Mr. Putin’s letter sent to the leaders of Germany, France, Italy, Austria, Hungary, the Czech Republic, Poland, Slovakia, Slovenia, Croatia, Serbia, Bosnia, Bulgaria, Romania, Macedonia, Greece, Turkey and Moldova ( soon to be a Russian republic) kept the oil from falling despite some optimistic news surrounding Libyan oil exports.  Libya’s National Oil Co.  lifted a force majeure on a crude export terminal recovered from rebel hands as the army took control of Al-Hariga and Zueitina ports under a deal to end a crippling nine-month blockade by rebels seeking autonomy in the country’s east.

Yet a report that OPEC oil production dropped by over 500,000 barrel per day, the falling below 30 million barrels a day, the lowest level this year. The drop to 29.6 million barrels a day was partially in response to weaker demand and problems with production in Iraq.

U.S. oil reserves continue to rise but natural gas may need higher prices to keep producers interested. The Energy Information Administration reported that “U.S. crude oil proved reserves rose for the fourth consecutive year in 2012, increasing by 15% to 33 billion barrels, according to the U.S. Crude Oil and Natural Gas Proved Reserves (2012) report released April 10 by the U.S. Energy Information Administration (EIA). U.S. crude oil and lease condensate proved reserves were the highest since 1976, and the 2012 increase of 4.5 billion barrels was the largest annual increase since 1970, when 10 billion barrels of Alaskan crude oil were added to U.S. proved reserves. Contributing factors to higher crude oil reserves include increased exploration for liquid hydrocarbons, improved technology for developing tight oil plays, and sustained high historical crude oil prices.”

The EIA’s natural gas report was very bullish as the U.S. supply situation is looking very tight. The EIA reported that supply only increased by 4 bcf leaving supply at 826.00 billion cubic feet and a whopping 54% below the five year average. If the number continues to disappoint like this, natural; gas will make a major upside move. Get Ready.

The EIA also reported that U.S. proved reserves of natural gas(NYMEX:NGM14) declined in 2012 because of low natural gas prices. The average reference price of natural gas companies use to estimate reserves declined 34% between 2011 and 2012. Natural gas prices began to decline in the latter part of 2011 and continued to drop through spring 2012. This prompted large downward net revisions of 45.6 trillion cubic feet to the proved reserves of existing gas fields — enough to cancel out almost all the gains from total discoveries in 2012.
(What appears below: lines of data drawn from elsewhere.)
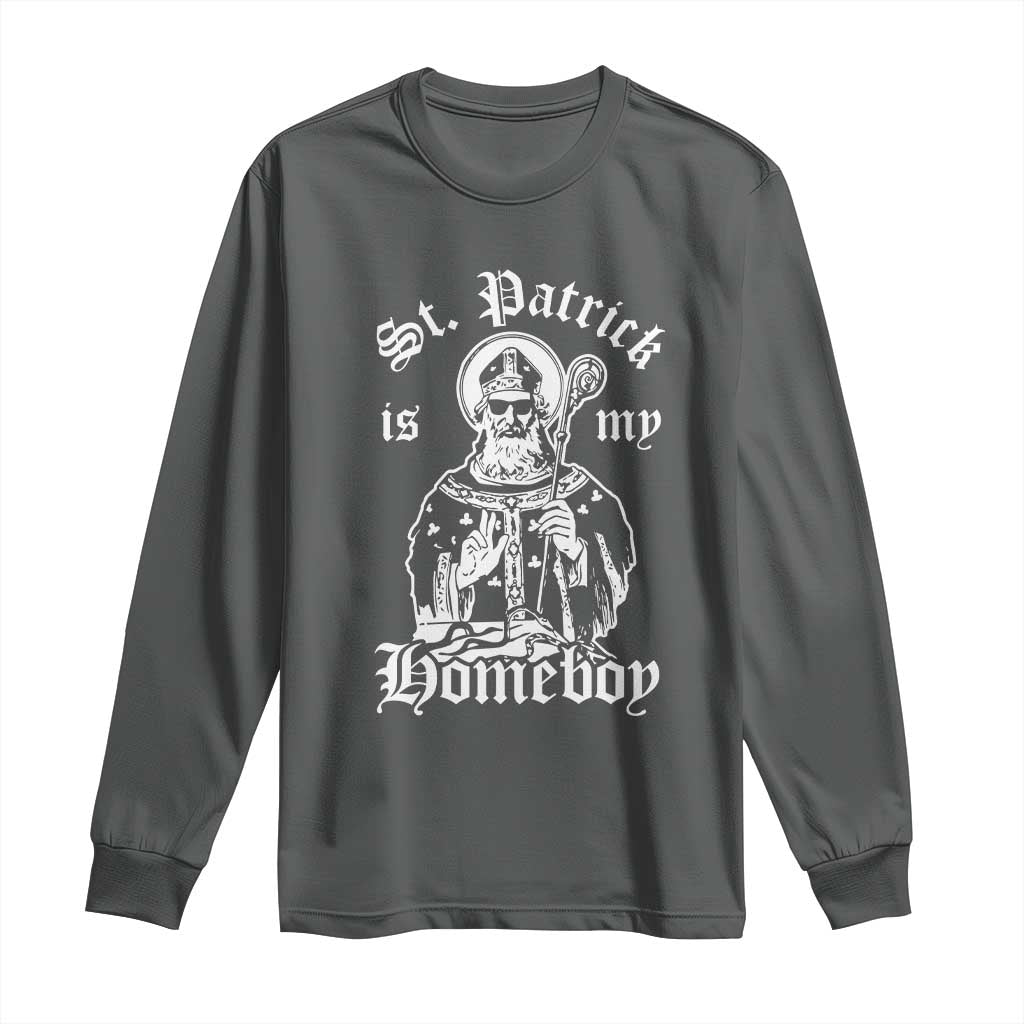 Saint Patrick Is My Homeboy Long Sleeve Shirt Funny St Patricks Day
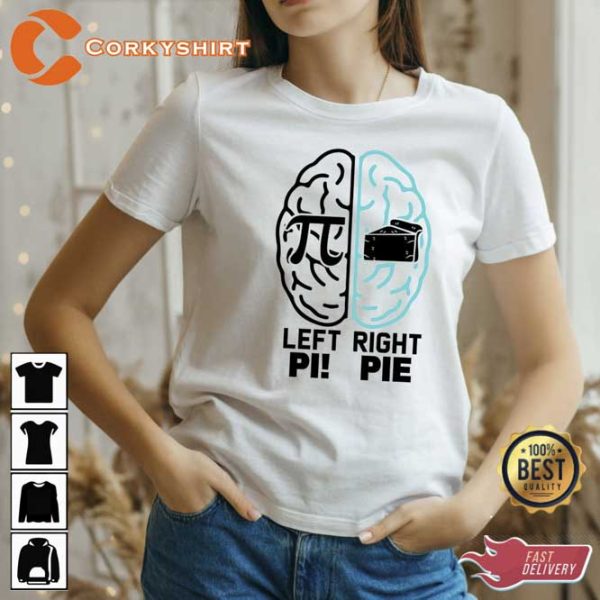 Funny Pi Day Left Pi Right Pie Shirt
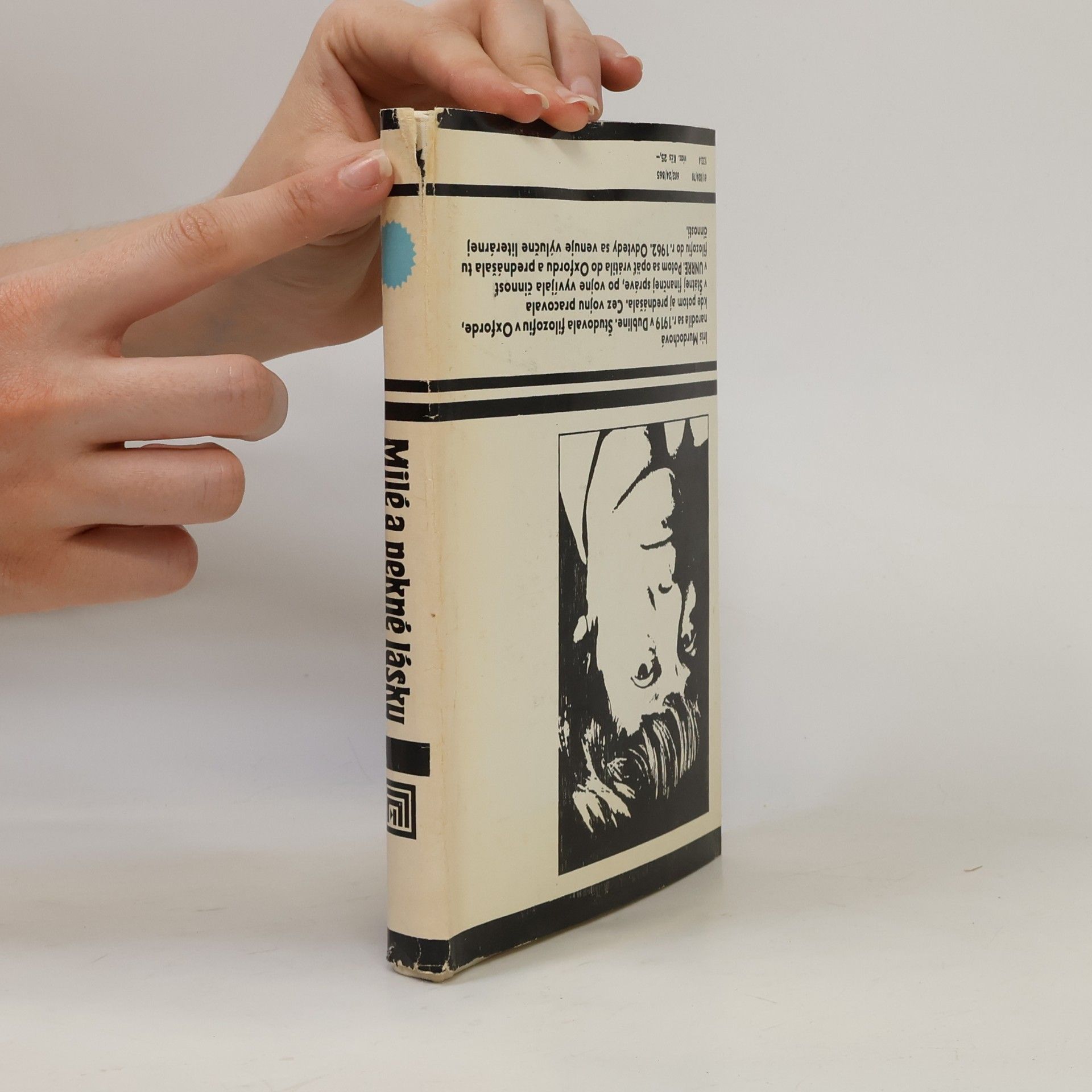 Iris Murdoch Milé a pekné lásky
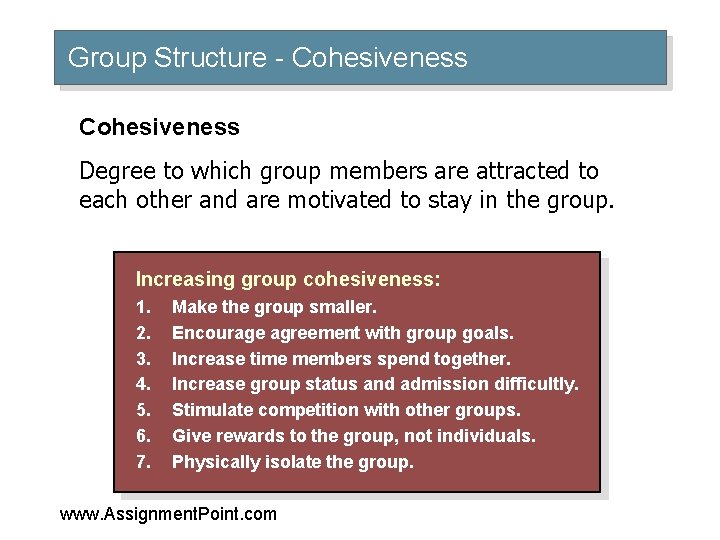 Group Structure - Cohesiveness Degree to which group members are attracted to each other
That should rebound but not unless we see prices rise!

Increased geopolitical risk and talk of QE everywhere helped support gold. China data and a failed bond auction along with a weaker dollar should keep gold strong. The FT reported that “The Chinese government was unable to sell all the bonds offered at an auction on Friday; its first such failure in nearly a year amid concerns about slowing growth in the world’s second-largest economy.

The failed bond auction raises the stakes for Beijing as it tries to rein in debt levels, illustrating that even the state will have to pay a higher cost for funding as banks focus more on investment risks and demand improved yields.

Traders said there was strong appetite for the government bond but only at rates above what the finance ministry was willing to pay to borrow money. The bond failure followed inflation data that showed prices fell in China last month, reinforcing the picture of a sluggish economy weighed down in part by government efforts to squeeze leverage out of the financial system.

Consumer prices fell 0.5% in March from the previous month, while producer prices remained mired in deflationary territory for a 25th consecutive month, according to figures published by the national bureau of statistics on Friday according to the FT.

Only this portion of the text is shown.